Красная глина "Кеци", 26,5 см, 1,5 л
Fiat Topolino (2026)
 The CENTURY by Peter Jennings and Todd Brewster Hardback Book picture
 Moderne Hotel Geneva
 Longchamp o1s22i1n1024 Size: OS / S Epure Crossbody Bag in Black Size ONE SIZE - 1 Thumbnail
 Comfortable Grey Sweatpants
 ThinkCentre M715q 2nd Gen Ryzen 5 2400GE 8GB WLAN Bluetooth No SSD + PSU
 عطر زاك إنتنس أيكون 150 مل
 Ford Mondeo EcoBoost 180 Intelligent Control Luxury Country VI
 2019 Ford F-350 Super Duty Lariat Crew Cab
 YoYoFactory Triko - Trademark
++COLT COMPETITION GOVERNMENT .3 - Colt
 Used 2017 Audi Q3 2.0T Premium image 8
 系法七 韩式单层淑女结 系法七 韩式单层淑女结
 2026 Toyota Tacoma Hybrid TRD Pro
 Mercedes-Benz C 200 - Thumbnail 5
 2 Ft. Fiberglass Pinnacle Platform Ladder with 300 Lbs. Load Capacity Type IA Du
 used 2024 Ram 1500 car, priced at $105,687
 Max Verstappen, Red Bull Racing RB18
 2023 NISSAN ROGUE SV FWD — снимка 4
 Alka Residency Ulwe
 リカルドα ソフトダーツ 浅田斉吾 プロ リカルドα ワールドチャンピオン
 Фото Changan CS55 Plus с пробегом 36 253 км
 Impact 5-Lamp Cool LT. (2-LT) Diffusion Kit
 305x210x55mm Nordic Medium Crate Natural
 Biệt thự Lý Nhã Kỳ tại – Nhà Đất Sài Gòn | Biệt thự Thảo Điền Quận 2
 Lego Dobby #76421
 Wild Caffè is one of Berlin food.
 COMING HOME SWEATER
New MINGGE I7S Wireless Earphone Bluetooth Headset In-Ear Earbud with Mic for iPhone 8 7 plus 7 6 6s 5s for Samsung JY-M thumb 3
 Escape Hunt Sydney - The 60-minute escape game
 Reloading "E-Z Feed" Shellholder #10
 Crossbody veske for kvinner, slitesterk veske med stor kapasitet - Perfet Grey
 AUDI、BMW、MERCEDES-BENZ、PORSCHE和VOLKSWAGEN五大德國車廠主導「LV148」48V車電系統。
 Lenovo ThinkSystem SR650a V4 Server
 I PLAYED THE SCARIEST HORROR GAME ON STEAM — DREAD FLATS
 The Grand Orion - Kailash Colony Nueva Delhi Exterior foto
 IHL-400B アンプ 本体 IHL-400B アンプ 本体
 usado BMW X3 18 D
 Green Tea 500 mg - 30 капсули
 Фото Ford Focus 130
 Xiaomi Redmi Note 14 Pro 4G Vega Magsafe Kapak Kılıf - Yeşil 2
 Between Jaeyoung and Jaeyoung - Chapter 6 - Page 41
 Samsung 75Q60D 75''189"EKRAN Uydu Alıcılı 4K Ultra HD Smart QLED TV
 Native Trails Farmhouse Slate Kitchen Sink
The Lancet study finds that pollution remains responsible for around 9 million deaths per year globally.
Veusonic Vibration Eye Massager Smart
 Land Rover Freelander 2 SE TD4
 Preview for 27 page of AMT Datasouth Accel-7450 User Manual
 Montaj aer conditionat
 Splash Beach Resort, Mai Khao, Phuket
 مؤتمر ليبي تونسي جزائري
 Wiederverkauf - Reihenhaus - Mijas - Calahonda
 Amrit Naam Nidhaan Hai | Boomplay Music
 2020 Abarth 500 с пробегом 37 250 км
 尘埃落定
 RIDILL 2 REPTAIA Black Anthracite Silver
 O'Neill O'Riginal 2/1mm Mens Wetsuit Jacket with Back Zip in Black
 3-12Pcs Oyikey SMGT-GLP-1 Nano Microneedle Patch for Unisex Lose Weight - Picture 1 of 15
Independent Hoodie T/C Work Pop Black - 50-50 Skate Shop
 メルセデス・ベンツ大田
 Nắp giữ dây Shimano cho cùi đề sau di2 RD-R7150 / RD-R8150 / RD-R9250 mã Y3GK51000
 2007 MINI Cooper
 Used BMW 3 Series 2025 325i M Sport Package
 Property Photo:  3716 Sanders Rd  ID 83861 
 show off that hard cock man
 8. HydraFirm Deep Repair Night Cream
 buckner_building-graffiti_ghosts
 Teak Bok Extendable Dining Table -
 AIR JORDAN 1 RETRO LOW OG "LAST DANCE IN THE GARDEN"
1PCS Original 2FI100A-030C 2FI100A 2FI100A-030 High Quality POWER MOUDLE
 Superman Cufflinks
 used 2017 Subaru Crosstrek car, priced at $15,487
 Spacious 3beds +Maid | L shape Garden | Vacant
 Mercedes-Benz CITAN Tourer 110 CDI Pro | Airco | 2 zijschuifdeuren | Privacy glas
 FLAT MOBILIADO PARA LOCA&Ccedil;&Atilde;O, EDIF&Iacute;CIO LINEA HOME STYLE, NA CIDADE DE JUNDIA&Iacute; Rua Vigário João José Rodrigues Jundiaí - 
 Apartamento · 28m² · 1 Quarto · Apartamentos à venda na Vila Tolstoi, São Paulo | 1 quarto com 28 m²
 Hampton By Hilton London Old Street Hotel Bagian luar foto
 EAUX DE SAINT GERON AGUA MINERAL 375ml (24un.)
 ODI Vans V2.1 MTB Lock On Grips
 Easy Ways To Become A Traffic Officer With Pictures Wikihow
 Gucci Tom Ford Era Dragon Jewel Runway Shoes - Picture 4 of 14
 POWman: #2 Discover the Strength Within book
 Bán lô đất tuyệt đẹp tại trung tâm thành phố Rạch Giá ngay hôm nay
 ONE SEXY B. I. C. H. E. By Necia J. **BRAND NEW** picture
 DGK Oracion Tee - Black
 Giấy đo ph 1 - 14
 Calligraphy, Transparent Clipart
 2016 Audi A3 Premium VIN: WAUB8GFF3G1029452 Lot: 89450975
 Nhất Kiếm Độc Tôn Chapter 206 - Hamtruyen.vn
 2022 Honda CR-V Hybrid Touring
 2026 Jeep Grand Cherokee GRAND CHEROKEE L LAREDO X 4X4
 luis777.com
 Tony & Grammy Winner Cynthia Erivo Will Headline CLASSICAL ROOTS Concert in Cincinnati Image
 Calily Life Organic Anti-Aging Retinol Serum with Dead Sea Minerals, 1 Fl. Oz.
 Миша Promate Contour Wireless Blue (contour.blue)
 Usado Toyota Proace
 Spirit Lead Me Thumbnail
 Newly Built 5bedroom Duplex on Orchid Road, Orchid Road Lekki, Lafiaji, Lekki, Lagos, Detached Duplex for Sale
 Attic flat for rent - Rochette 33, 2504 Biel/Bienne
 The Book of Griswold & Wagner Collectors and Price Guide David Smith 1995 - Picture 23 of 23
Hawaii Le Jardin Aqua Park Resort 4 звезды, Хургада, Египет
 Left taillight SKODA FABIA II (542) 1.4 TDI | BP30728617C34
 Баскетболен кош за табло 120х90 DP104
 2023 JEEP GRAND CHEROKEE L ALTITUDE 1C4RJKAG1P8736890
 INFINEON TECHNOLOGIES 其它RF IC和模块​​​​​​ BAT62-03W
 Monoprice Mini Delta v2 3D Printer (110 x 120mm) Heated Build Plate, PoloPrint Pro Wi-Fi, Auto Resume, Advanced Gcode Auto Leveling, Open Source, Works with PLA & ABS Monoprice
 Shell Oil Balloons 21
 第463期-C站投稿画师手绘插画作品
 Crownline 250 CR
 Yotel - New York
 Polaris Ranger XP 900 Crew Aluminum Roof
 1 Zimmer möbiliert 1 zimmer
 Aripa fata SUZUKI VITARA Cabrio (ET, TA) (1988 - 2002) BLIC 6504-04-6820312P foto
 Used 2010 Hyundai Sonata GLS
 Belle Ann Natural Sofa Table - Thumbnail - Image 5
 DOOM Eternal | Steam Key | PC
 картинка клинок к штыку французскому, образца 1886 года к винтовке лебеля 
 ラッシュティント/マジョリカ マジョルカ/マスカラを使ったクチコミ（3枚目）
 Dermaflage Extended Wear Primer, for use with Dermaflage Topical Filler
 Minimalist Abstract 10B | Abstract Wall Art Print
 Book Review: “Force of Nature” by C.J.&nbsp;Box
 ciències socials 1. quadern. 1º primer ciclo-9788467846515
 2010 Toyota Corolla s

★ ★ ★ ★ ★

• Work required: Copy out the lines above word for word, stopping after the line containing "Max Verstappen, Red Bull Racing RB18".

• Expected output:
Красная глина "Кеци", 26,5 см, 1,5 л
Fiat Topolino (2026)
 The CENTURY by Peter Jennings and Todd Brewster Hardback Book picture
 Moderne Hotel Geneva
 Longchamp o1s22i1n1024 Size: OS / S Epure Crossbody Bag in Black Size ONE SIZE - 1 Thumbnail
 Comfortable Grey Sweatpants
 ThinkCentre M715q 2nd Gen Ryzen 5 2400GE 8GB WLAN Bluetooth No SSD + PSU
 عطر زاك إنتنس أيكون 150 مل
 Ford Mondeo EcoBoost 180 Intelligent Control Luxury Country VI
 2019 Ford F-350 Super Duty Lariat Crew Cab
 YoYoFactory Triko - Trademark
++COLT COMPETITION GOVERNMENT .3 - Colt
 Used 2017 Audi Q3 2.0T Premium image 8
 系法七 韩式单层淑女结 系法七 韩式单层淑女结
 2026 Toyota Tacoma Hybrid TRD Pro
 Mercedes-Benz C 200 - Thumbnail 5
 2 Ft. Fiberglass Pinnacle Platform Ladder with 300 Lbs. Load Capacity Type IA Du
 used 2024 Ram 1500 car, priced at $105,687
 Max Verstappen, Red Bull Racing RB18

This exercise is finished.